APBF Chairman Nabeel Hashmi, reacting sharply to the $6.7 billion International Monetary Fund loan to Pakistan, said it would bring fresh wave of price-hike.
He said the people would not benefit from the IMF loan as the rulers would continue lavish spending. He also lamented the rulers were not bringing back their money kept in the foreign accounts.
Hashmi said the IMF loan would have devastating effects on economy, as with more taxes, increased rates of utilities and cost of production would further increase. This will render the Pakistani exports non-competitive in the globalised competitive environment, he feared.
Being perturbed at the new so-called business-friendly government’s deviation from its election manifesto, Nabeel Hashmi said this was not what the PML-N had promised to the people of Pakistan. The IMF conditions had already been implemented in the budget including power tariff hike, raise in petroleum prices, gradual end of subsidies, raise in sales tax, cut in fiscal deficit, improvement in tax-to-GDP ratio, enhancement in tax net and restructuring and privatisation of public sector enterprises.
He argued that policies dictated by the IMF were not always suitable for the situation of the country. He argued that there were several examples of how the IMF failed to understand the dynamics of the country that they were dealing with.
Reacting to the constant hike in power as well as gas rates, Hashmi asked as to how the new government of the PML-N could control the extortion mafia when the authorities themselves collecting ‘bhatta’ from the poor masses in the shape of exorbitant jump in electricity and oil prices.
All Pakistan Business Forum President Rashid Mehr said the government had no other option but to approach the International Monetary Fund to control its fiscal imbalances, which the country had been facing due to dwindling foreign reserves, balance of payment crisis, weakening exchange rate and financial mismanagement during the last five years.
“However, this is a short-term solution and borrowing a long-term loan from the IMF is not the most viable and rational option for any country,” he warned.
Rashid Mehr said with a view to bridge financing gap of $5-6 billion, there were different medium-term solutions to fill up this gap as the new government would have to generate non-debt inflows such as foreign investment and remittances or cut down trade deficit by boosting exports and reducing imports.
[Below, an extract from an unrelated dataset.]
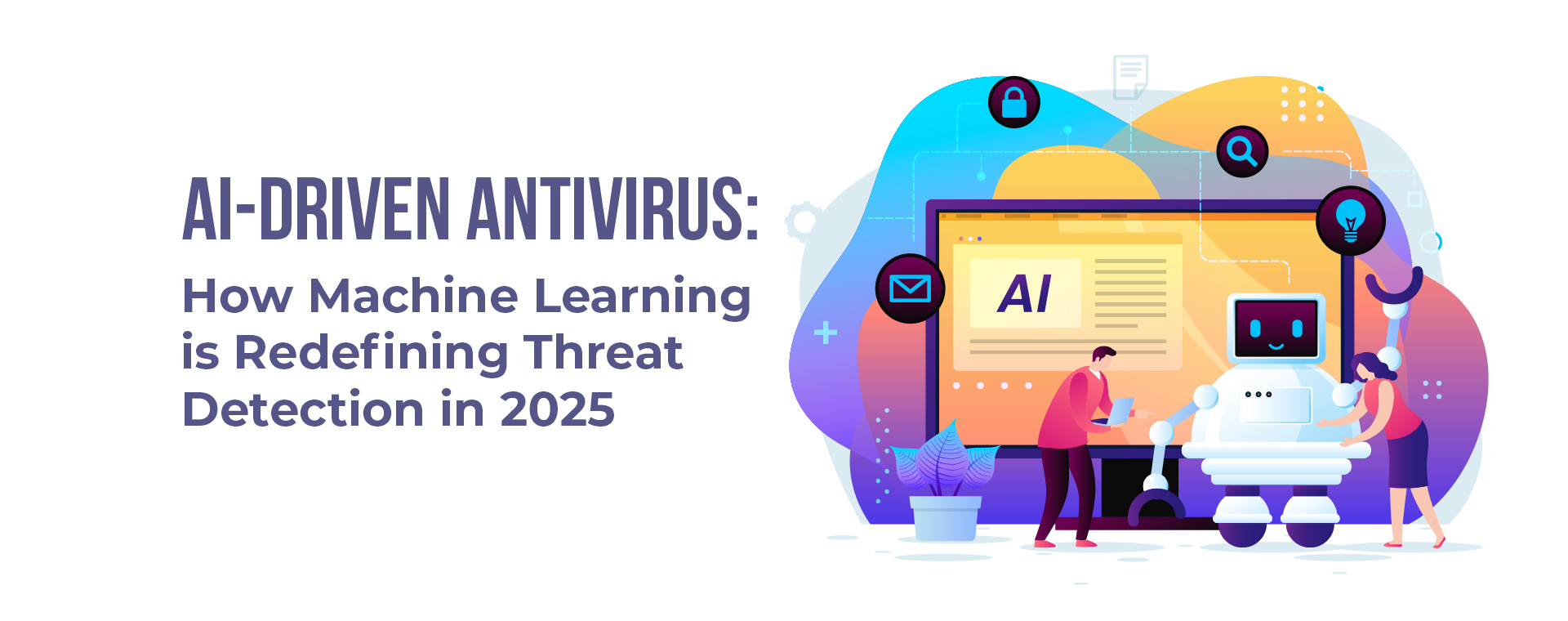 AI-driven antivirus software using machine learning for next-gen cyber threat detection in 2025.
He said no IMF bailout package had ever been successful since 1988 due to lack of fiscal management and any solid structure for repayment.
The APBF president said the fast rising up graph of inflation and law and order situation in parts of the country had already put the industrial sector in deep troubles therefore the government would have to come up with out-of-the-box solution to expedite economic activities in the country.